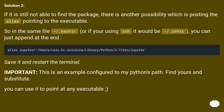Solution two: if it is still not able to find the package, there is another possibility — posting an alias pointing to the executable. In the same file, ~/.bashrc or ~/.zshrc if you're using zsh, append the alias at the end. Save it and restart the terminal. Important: this is an example configured to a specific Python path — find yours and substitute. You can use it to point at any executable.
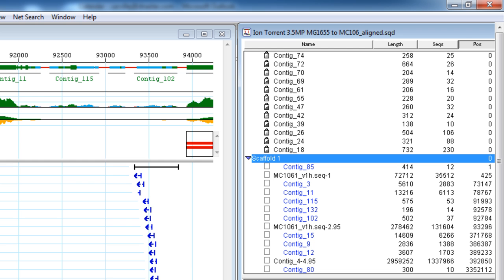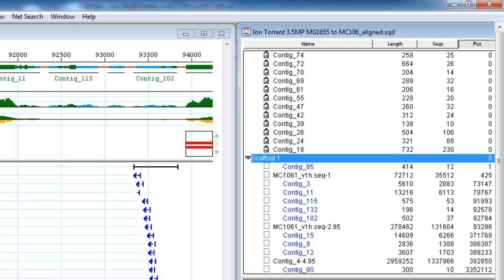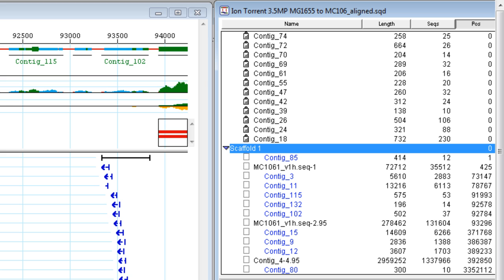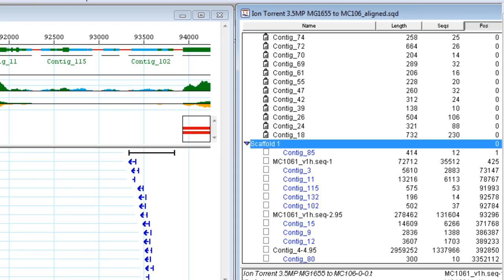These low-coverage contigs can be identified in two different ways. One way is to compare the contig length to the number of reads within the contig. For example, here in contig 85, we only have 12 reads per 414 bases, qualifying as a low-coverage contig.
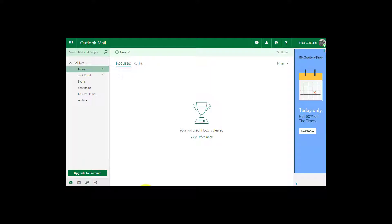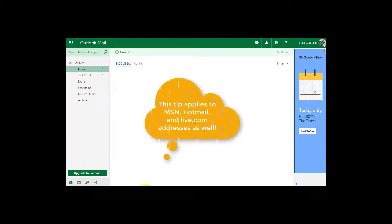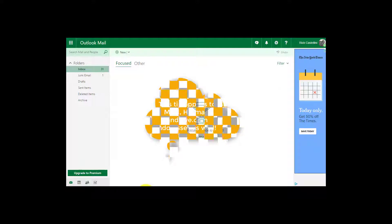Your email address book is probably one of the most important pieces of digital data that you own. Here's how to back it up in Outlook email.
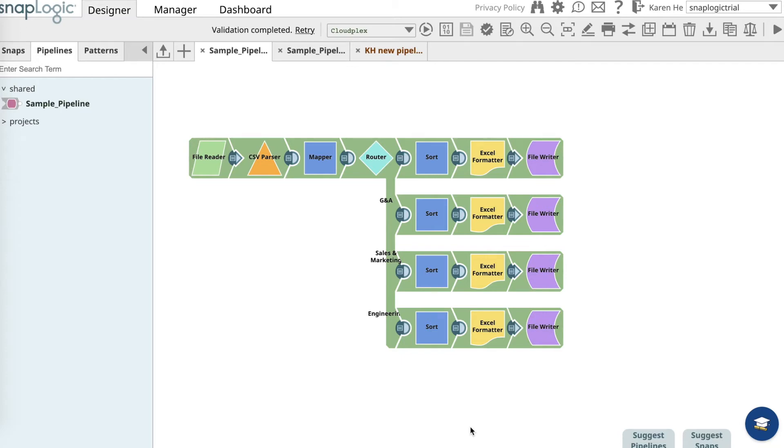Hi, in this exercise you will learn how to send a list of employee names to an email by using the email sender snap from the snaps catalog and by using a valid email account that you want the list of employees sent to.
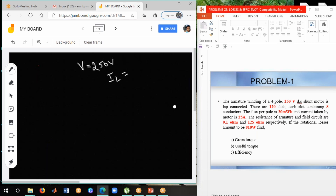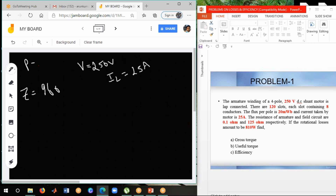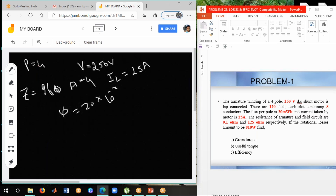First, we gather the given data. The voltage V equals 250 volts — this is the input voltage. The line current IL equals 25 amperes. Number of armature conductors Z equals 120 slots times 8 conductors per slot, giving Z equals 960. Number of poles P equals 4, and for lap winding A equals 4. Flux phi equals 20 milliweber, which we write as 20 times 10 to the power minus 3 Weber.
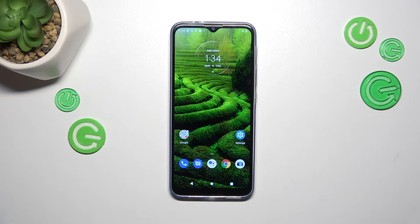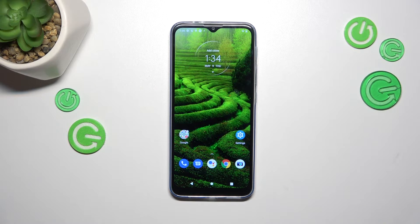Hi everyone. In front of me I've got a Motorola Moto G30 and let me share with you how to activate automatic system updates on this device.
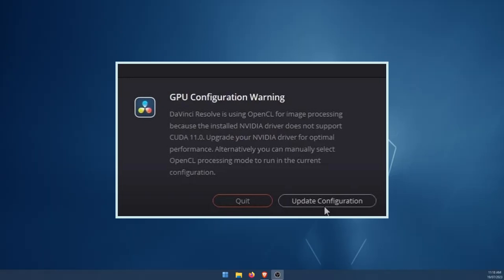Hello everyone, welcome to the channel. So in this video, we're going to be looking at the DaVinci Resolve GPU configuration warning.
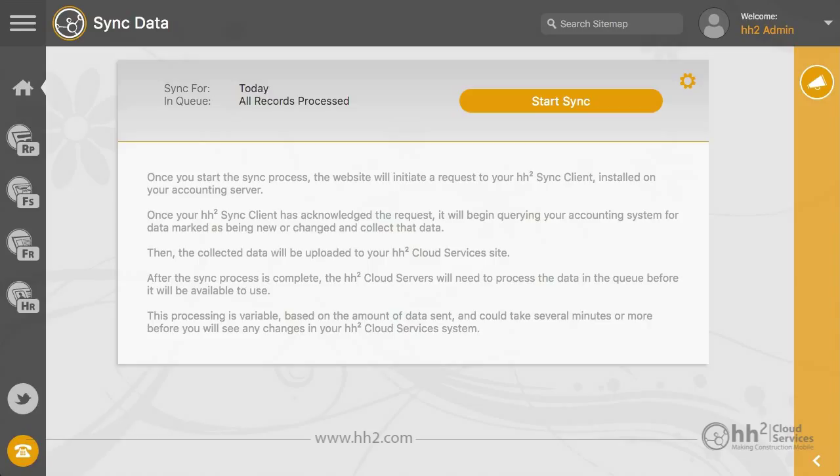As we do not know what caused the sync to lose connection, this may only be a Band-Aid fix.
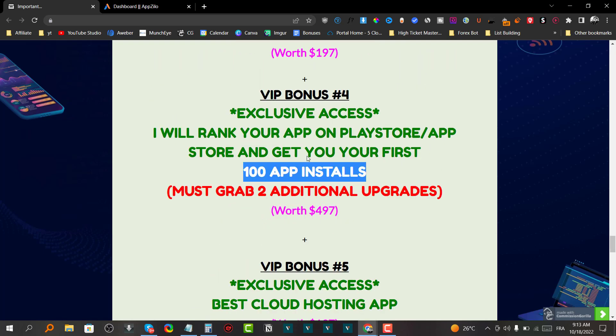There is a downsale at $27 where you get basically the same thing with fewer features — 10 website templates instead of 30, and 5 high-converting push notification templates instead of 15. It's essentially the light version of upsell number one. Upsell number two is video hosting at $37 one-time payment, where you can record and host videos on their platform.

+++

Problem. No picture is to be printed. Output exactly the lines above from the line containing "Hello everyone, welcome" through the line containing "As we do not".

Completed exercise.
Hello everyone, welcome to the channel. So in this video, we're going to be looking at the DaVinci Resolve GPU configuration warning.
As we do not know what caused the sync to lose connection, this may only be a Band-Aid fix.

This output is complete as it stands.